Your task is to retype, exactly and without pictures, the line holding "January Retro Games" and each line that follows it to the end of the entries.

Image-text web data:
——
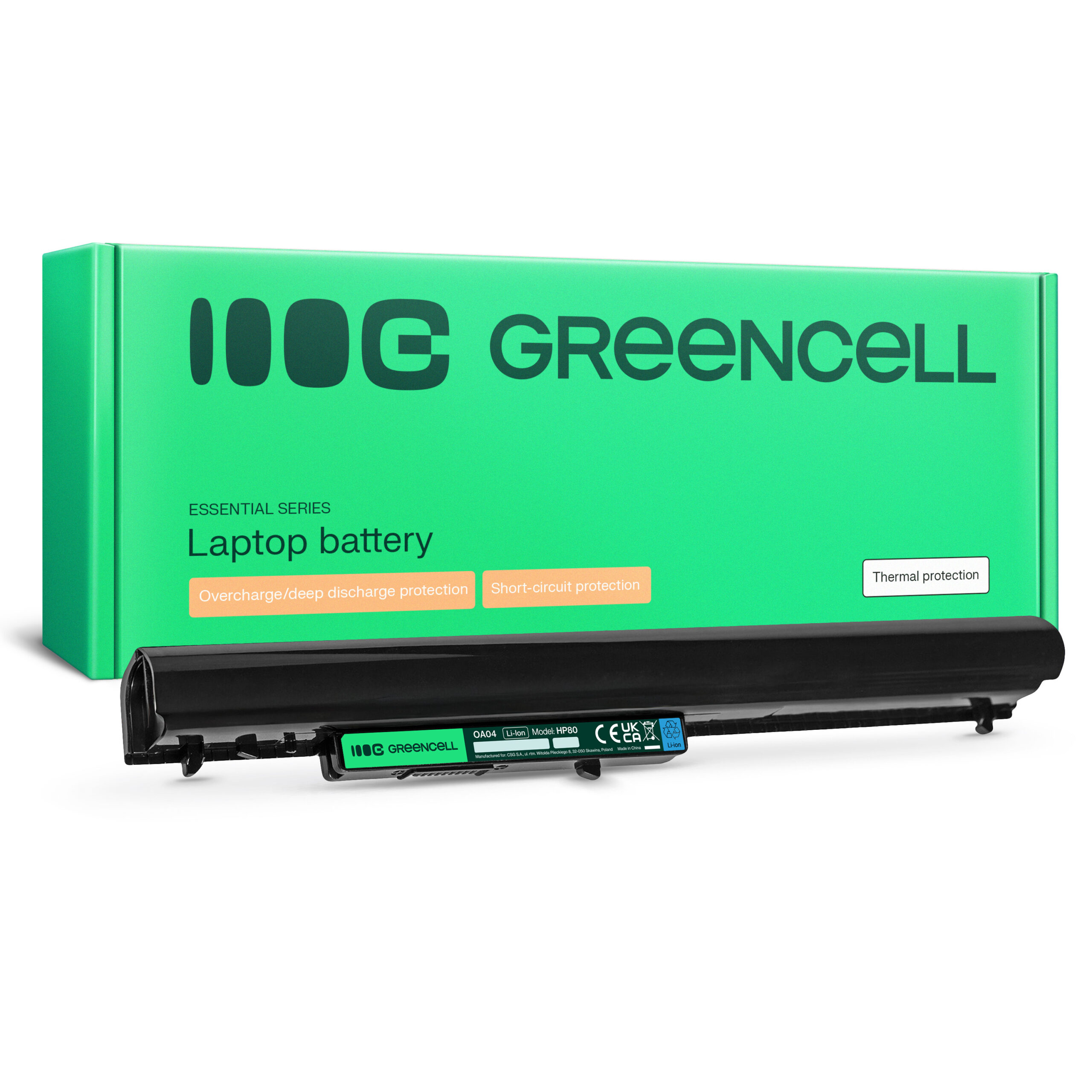 green-cell-battery-for-hp-hstnn-lb5s-240-250-255-256-g2-g3-oa04-144v-2200mah HP80 - Image 1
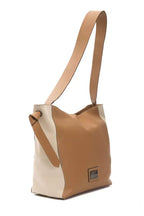 Pompei Donatella Brown Leather Shoulder Bag - Zeiniez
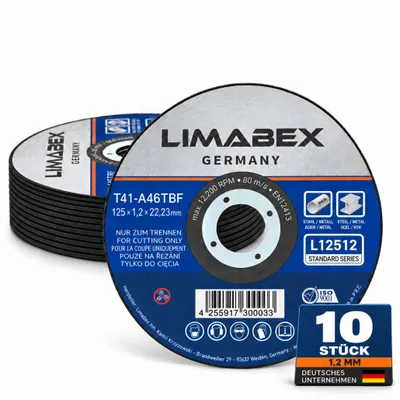 Produktbild von Trennscheiben 125 x 1.2 mm Metall Stahl Edelstahl INOX Rohre Profile Bleche Stangen 10 Stück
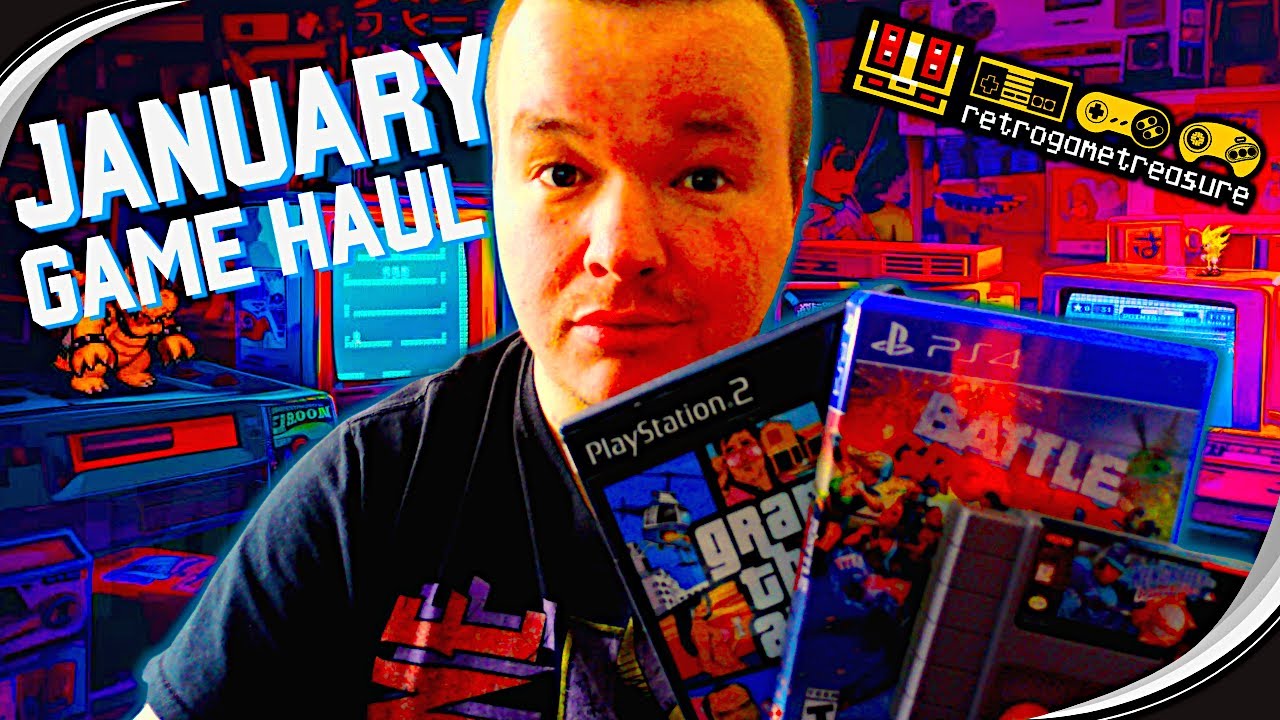 January Retro Games Haul | Five Absolute Gems!
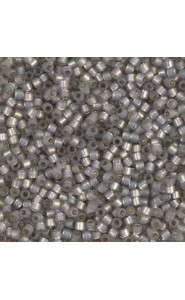 Miyuki delica beads 10/0 - Silver lined taupe alabaster dyed DBM-630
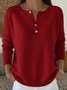 Casual Plain Crew Neck Sweater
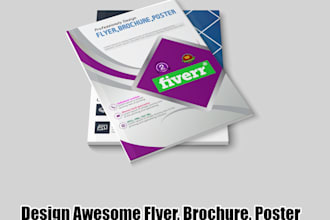 design awesome  flyer, brochure, poster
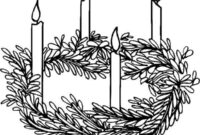printable advent wreath coloring pages printable advent wreath coloring pages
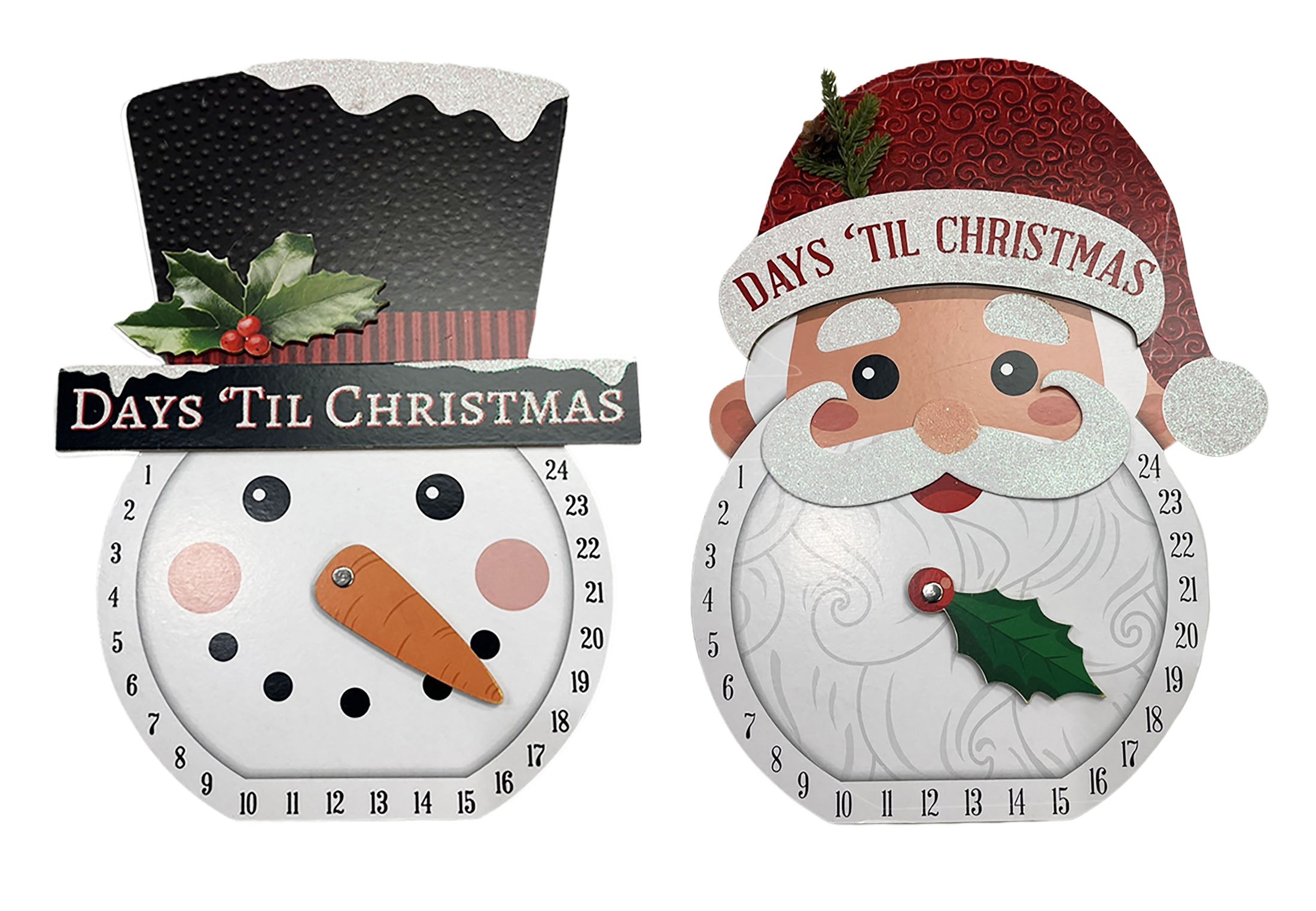 Mdf Decor Santa And Snowman Asst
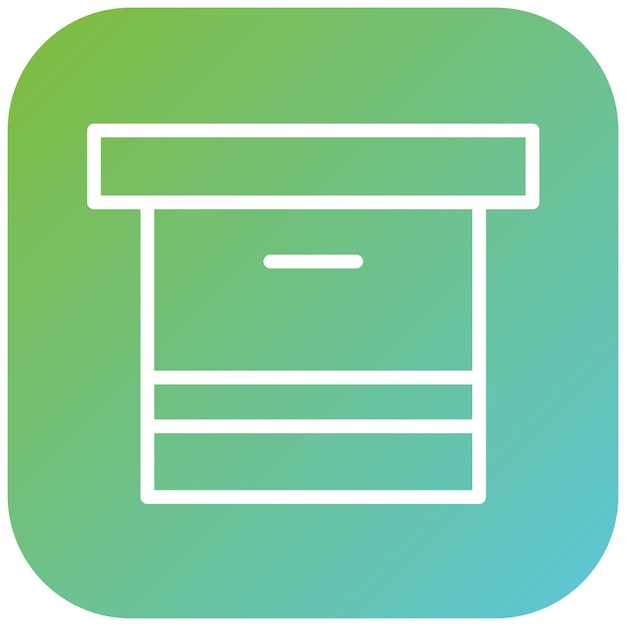 Estilo del icono de la caja de diseño vectorial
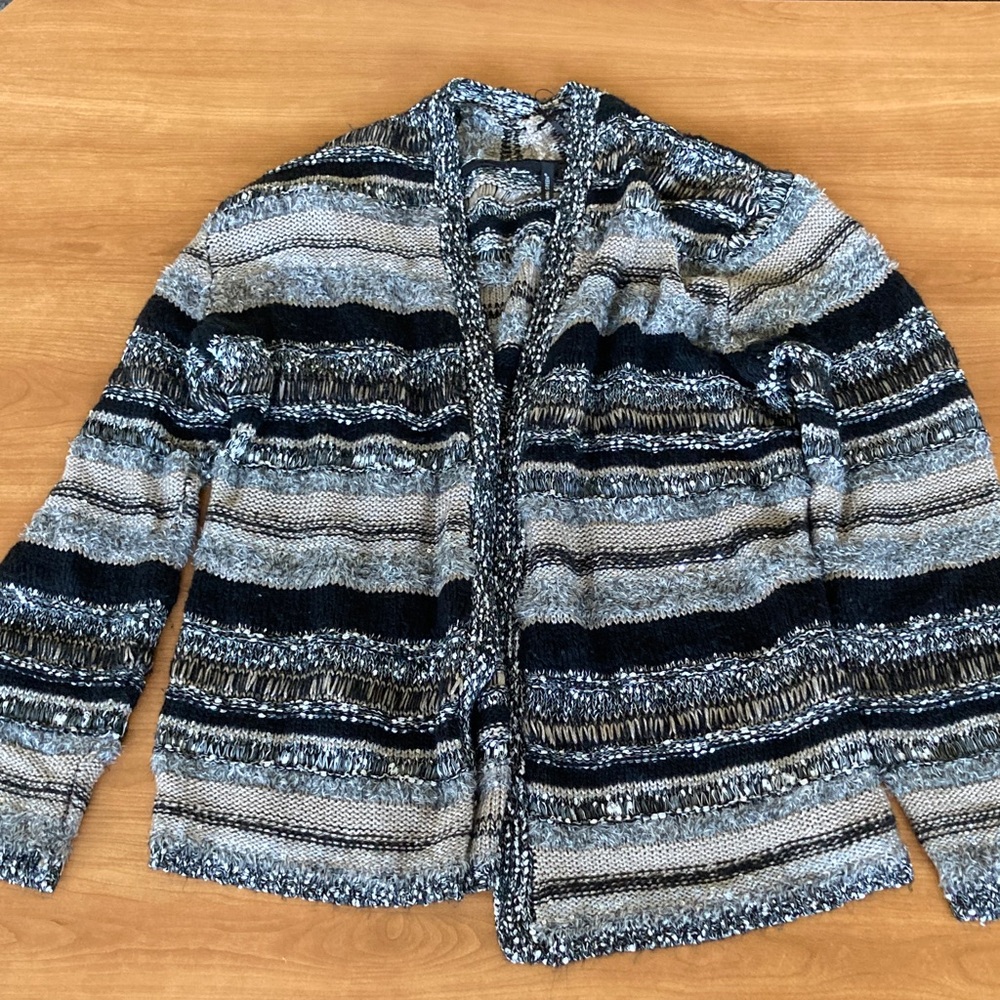 Striped Knit Cardigan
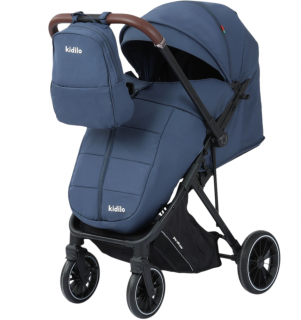 Carucior sport, Kidilo, Pentru toamna-iarna, Husa de picioare, Copertina extensibila, Albastru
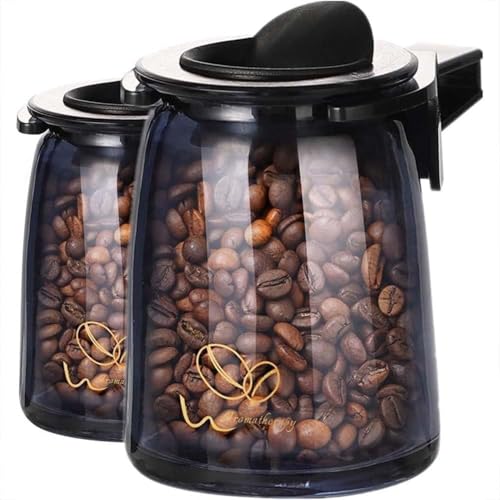Coffee Bean Car Air Freshener - 2 Bottles Aromatherapy Diffuser Set | Long-Lasting Solid Perfume for Cars | Natural Coffee Aroma | for Father, Mother, Couples - PanoraCirqi (Latte)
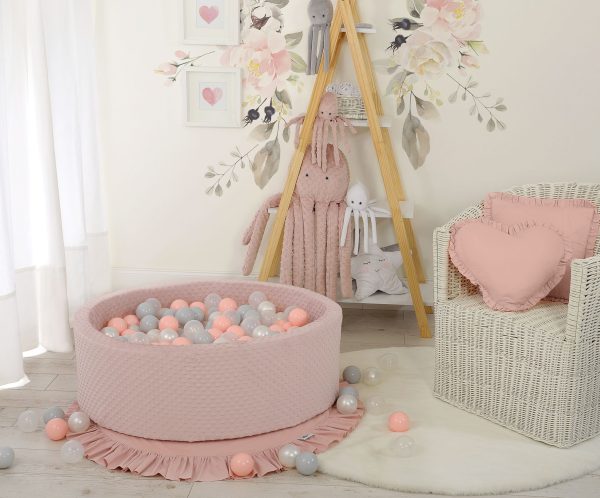 Ball-pit minky H-30 cm with balls 200pcs- blush - Image 3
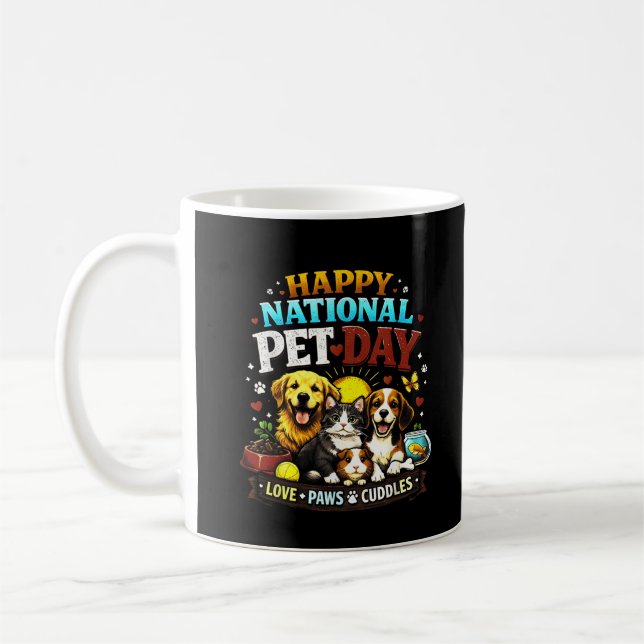 Mug Joyeuse Journée nationale des animaux de compagnie (Gauche)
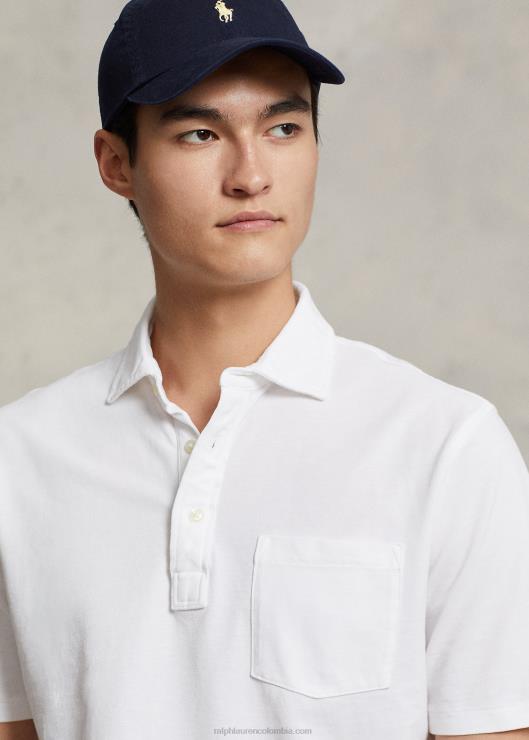 polo de malla de peso pluma de corte clásico hombres blanco Ralph Lauren 2XR2V811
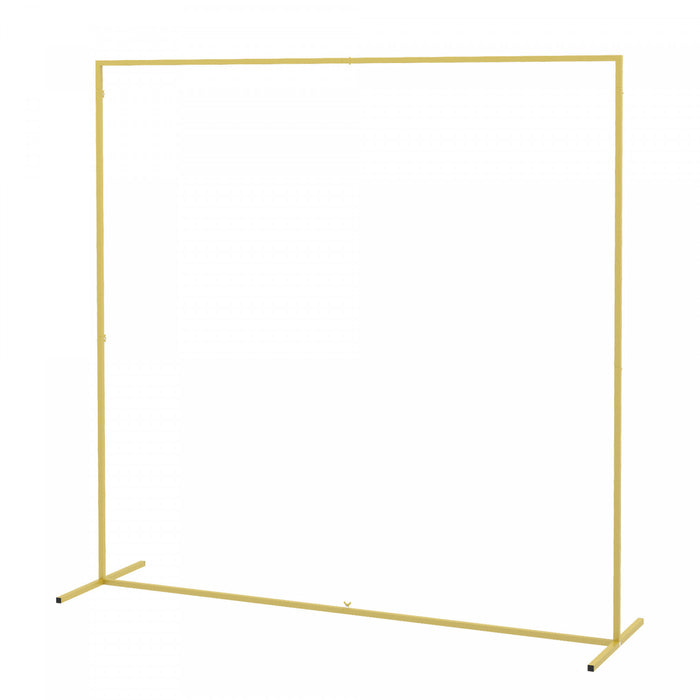 Outsunny 6.6ft X 6.6ft Gold Wedding Arch Backdrop Stand For Birthday Party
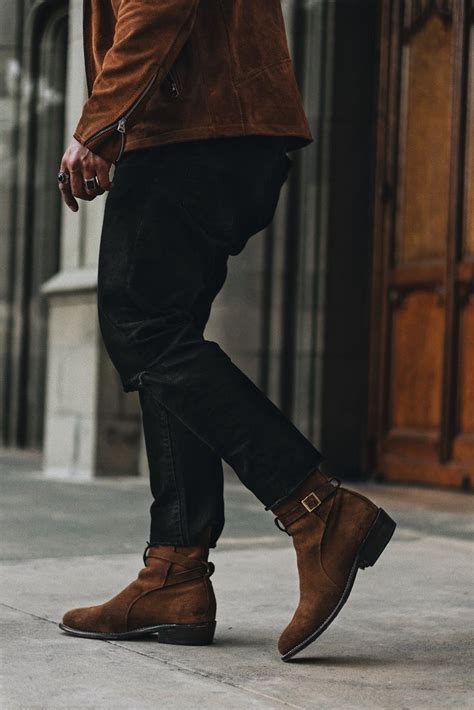 Mens Rogue Jodhpur Boot In Cognac Suede Thursday Boot Company Jodhpur Boots Boots Outfit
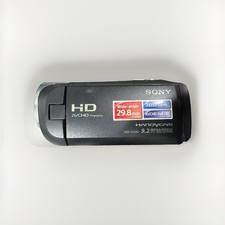 Sony HDR-CX240 Camcorder - Black MISSING BATTERY COVER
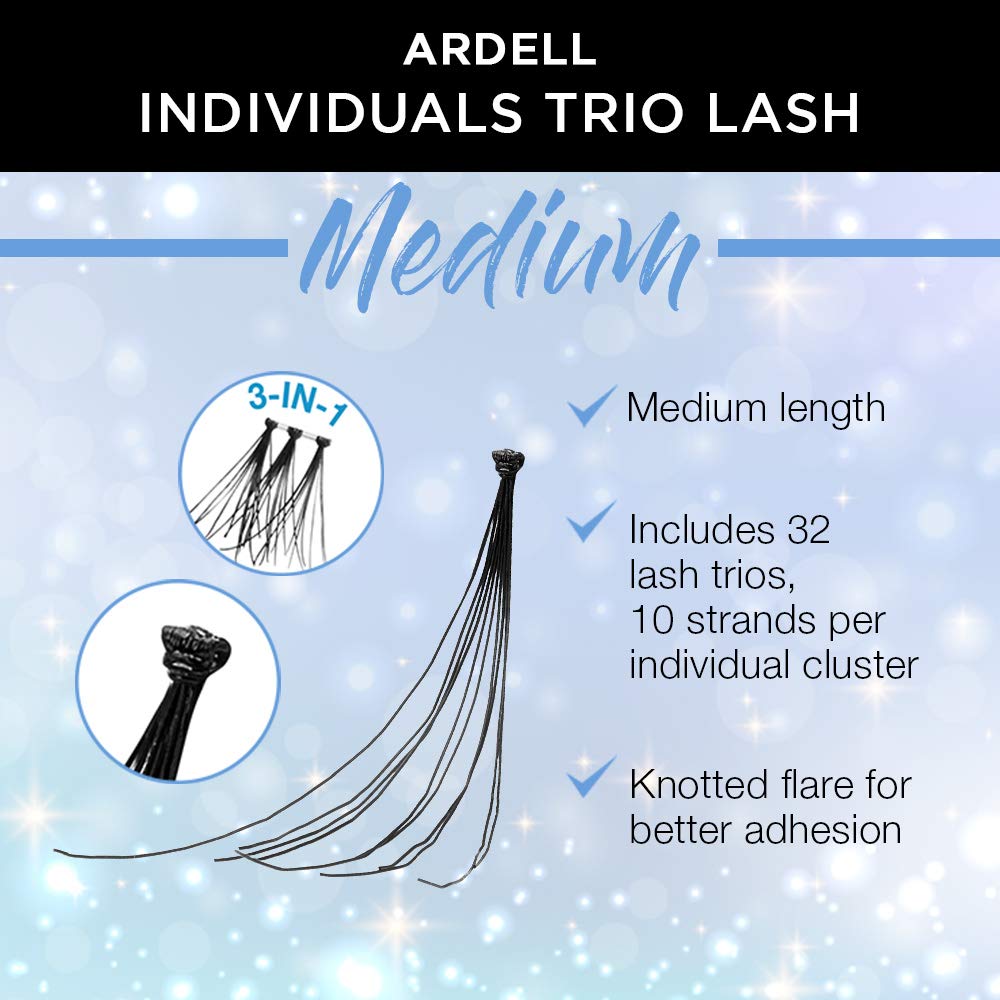 Ardell Trios Medium Black angled view showing lightweight seamless blend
——
• **Response**
 January Retro Games Haul | Five Absolute Gems!
 Miyuki delica beads 10/0 - Silver lined taupe alabaster dyed DBM-630
 Casual Plain Crew Neck Sweater
 design awesome  flyer, brochure, poster
printable advent wreath coloring pages printable advent wreath coloring pages
 Mdf Decor Santa And Snowman Asst
 Estilo del icono de la caja de diseño vectorial
 Striped Knit Cardigan
 Carucior sport, Kidilo, Pentru toamna-iarna, Husa de picioare, Copertina extensibila, Albastru
Coffee Bean Car Air Freshener - 2 Bottles Aromatherapy Diffuser Set | Long-Lasting Solid Perfume for Cars | Natural Coffee Aroma | for Father, Mother, Couples - PanoraCirqi (Latte)
 Ball-pit minky H-30 cm with balls 200pcs- blush - Image 3
 Mug Joyeuse Journée nationale des animaux de compagnie (Gauche)
 polo de malla de peso pluma de corte clásico hombres blanco Ralph Lauren 2XR2V811
 Outsunny 6.6ft X 6.6ft Gold Wedding Arch Backdrop Stand For Birthday Party
 Mens Rogue Jodhpur Boot In Cognac Suede Thursday Boot Company Jodhpur Boots Boots Outfit
 Sony HDR-CX240 Camcorder - Black MISSING BATTERY COVER
 Ardell Trios Medium Black angled view showing lightweight seamless blend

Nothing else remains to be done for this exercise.